意思決定は、その選択に最大の期待利益(客観的利益)があるか否かに関わらず、最大の効用(主観的価値)が期待されるような選択を行う。これを心理的収支計算と呼ぶ。



人類が滅亡せず生態系の中で君臨し続けられているのは危険から身を守るという優れた危機管理能力があったからだ。他の動物が危険を目の前にしてから反応するのに対し、人間は「悪い」未来を予測し、そうならないように対処をする。

つまり、かなりのマイナス思考なのである。

何か自らの状況・環境をより良くするために行動しようとすると、成功を確信できずに失敗を考えてしまう。これは本能なのである。マイナスの思考は自律神経を支配している脳幹に伝わり、即座にストレス反応を引き起こす。通常はこのストレスから逃れるために、「行動しない」という選択肢が取られる。すると、今度は環境に適応できず、ずるずると状況は悪くなっていく。知らず知らずにである。

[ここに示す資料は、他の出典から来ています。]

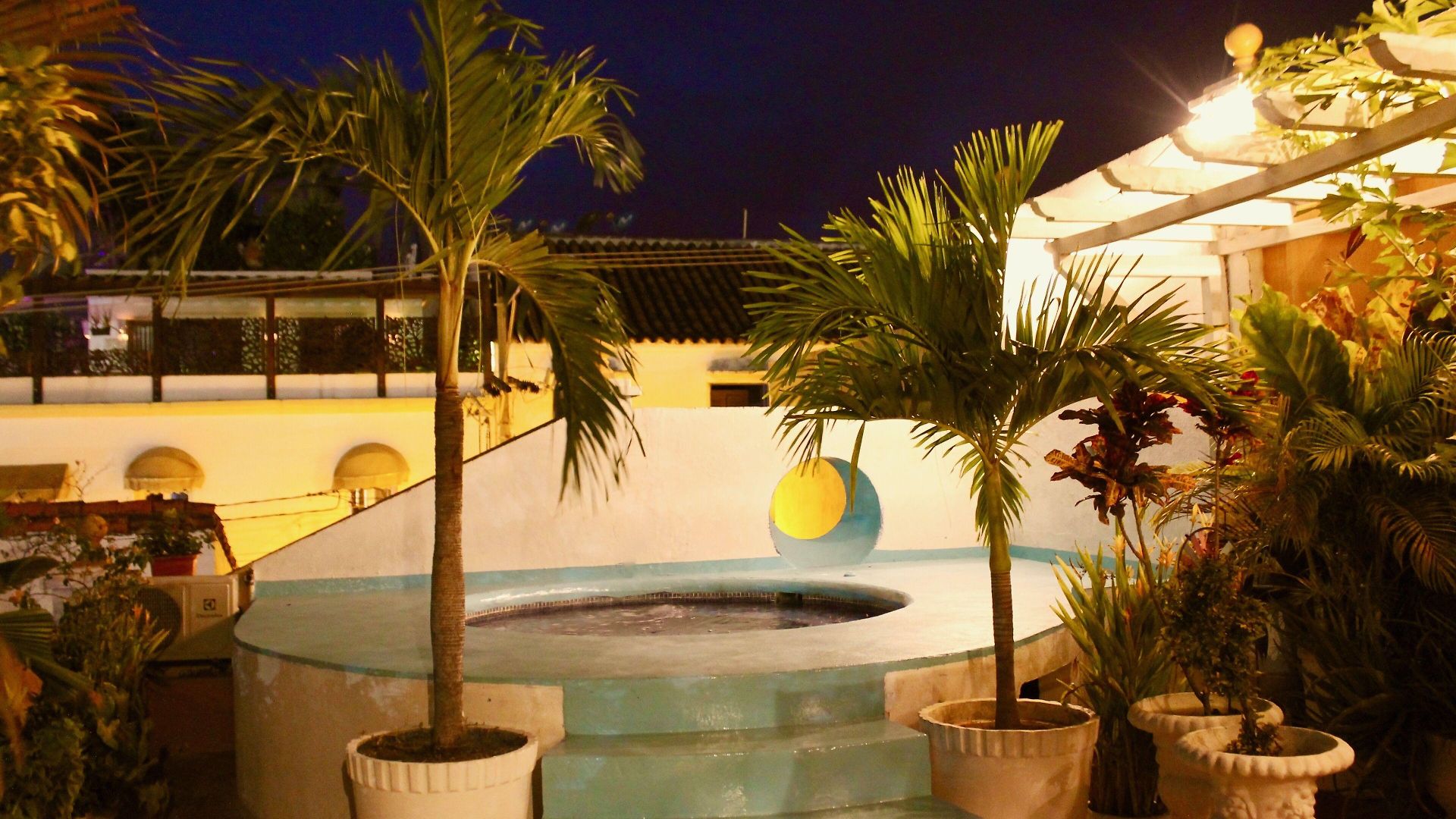 Casa Gloria Boutique Hotel 4*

主観的に判断される意思決定と、客観的(数学的)に判断される意思決定の間には、相矛盾する構造が存在する


18世紀の数学者であるベルヌーイは次のような実験を行った。①と②の状況を被験者に提示し、どちらを選ぶ人間が多いかを調べたのだ。

①100%確実に80万円もらえる

②抽選で85%は100万円もらえるが、15%は1円ももらえない


あなたなら①と②どちらを選びますか?




実験の結果は、大多数の人が①を選ぶというものだった。しかし、期待利益を考えると、①は80万円、②は85万円と、②のほうが高い。選択肢を逆にする、つまり、①100%の確率で80万円を失う、②85%の確率で100万円失い、15%の確率で1円も失わないとすると、②を選ぶ人が多くなった。人間とは危険回避型でありながら危険追求型でもあるのだ。これは困ったもので、成功の可能性は潰し、危ない状況ではより危険な選択肢を知らず知らず取ってしまうということになる。

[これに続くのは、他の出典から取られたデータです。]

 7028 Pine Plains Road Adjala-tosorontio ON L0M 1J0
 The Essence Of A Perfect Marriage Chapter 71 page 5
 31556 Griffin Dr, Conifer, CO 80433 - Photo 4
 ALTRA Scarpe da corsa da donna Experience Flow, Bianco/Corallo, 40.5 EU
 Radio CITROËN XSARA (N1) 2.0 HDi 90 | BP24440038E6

自分の状況をより良くし、幸せになるには3つの方法があるように思う。1つは、危険がまずない(一般的に広くそう信じられている)方法をコツコツ続けていくこと。例えば、勉強をして良い学校へ行き、良い会社に勤める。人間が無意識に考えてしまう危険が少なく、多くの人から推奨される方法だ。日本の社会においては普通に幸せをつかめるだろう。

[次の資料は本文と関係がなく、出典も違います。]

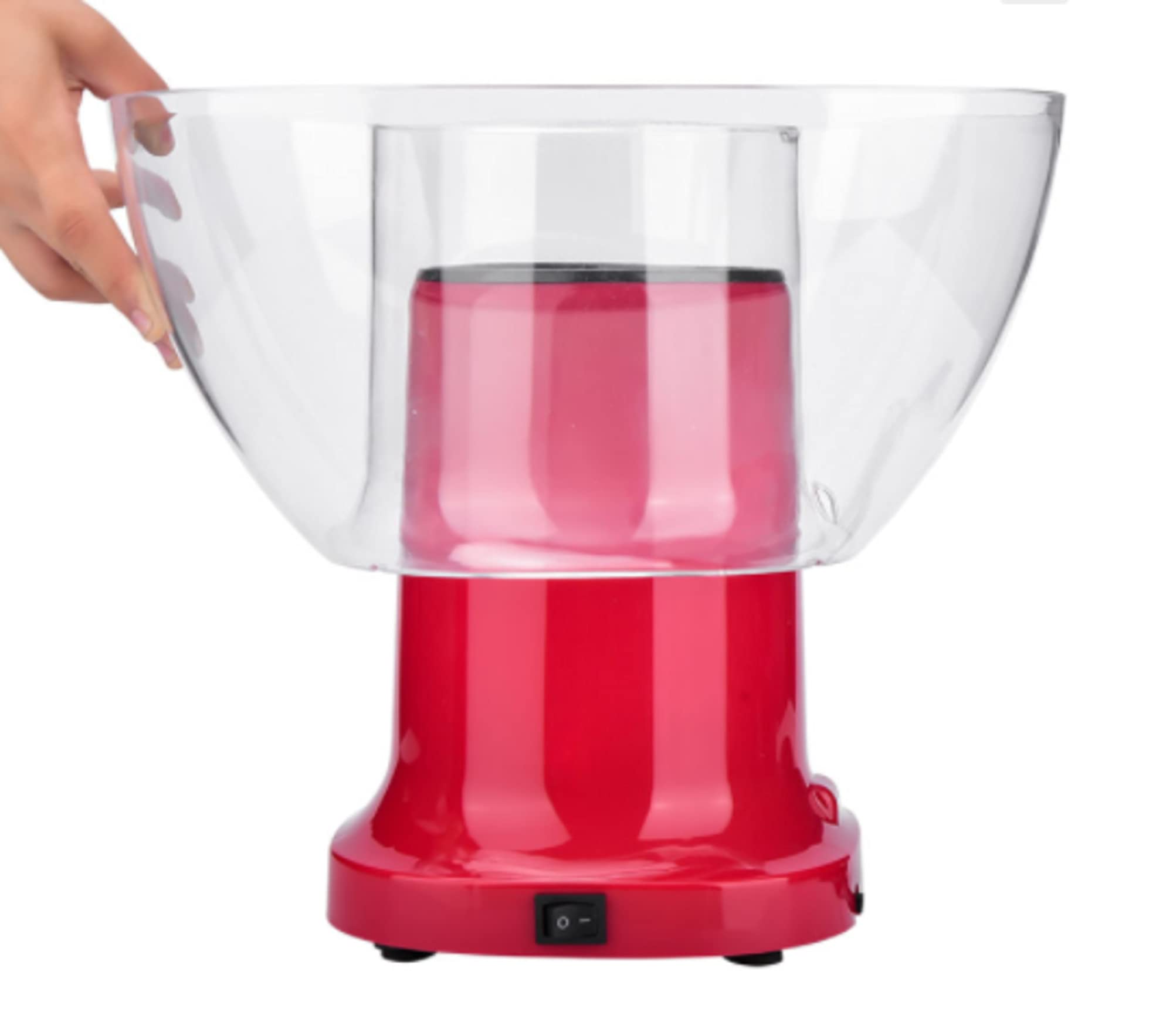  Lexical 3502 popcorn maker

2つ目は、客観的な視点で行動すること。上の例で言えば、より期待値の良い方を選ぶ。人が選ばないことでも、期待値が高ければ選択する。夢を見るだけのバカでなければ、1つめより大きな幸せをつかめる可能性は高い。



3つ目は、危険なんて考えないぐらいの能天気なバカになることだ!


Be Stupid ヘ(゚∀゚*)ノ!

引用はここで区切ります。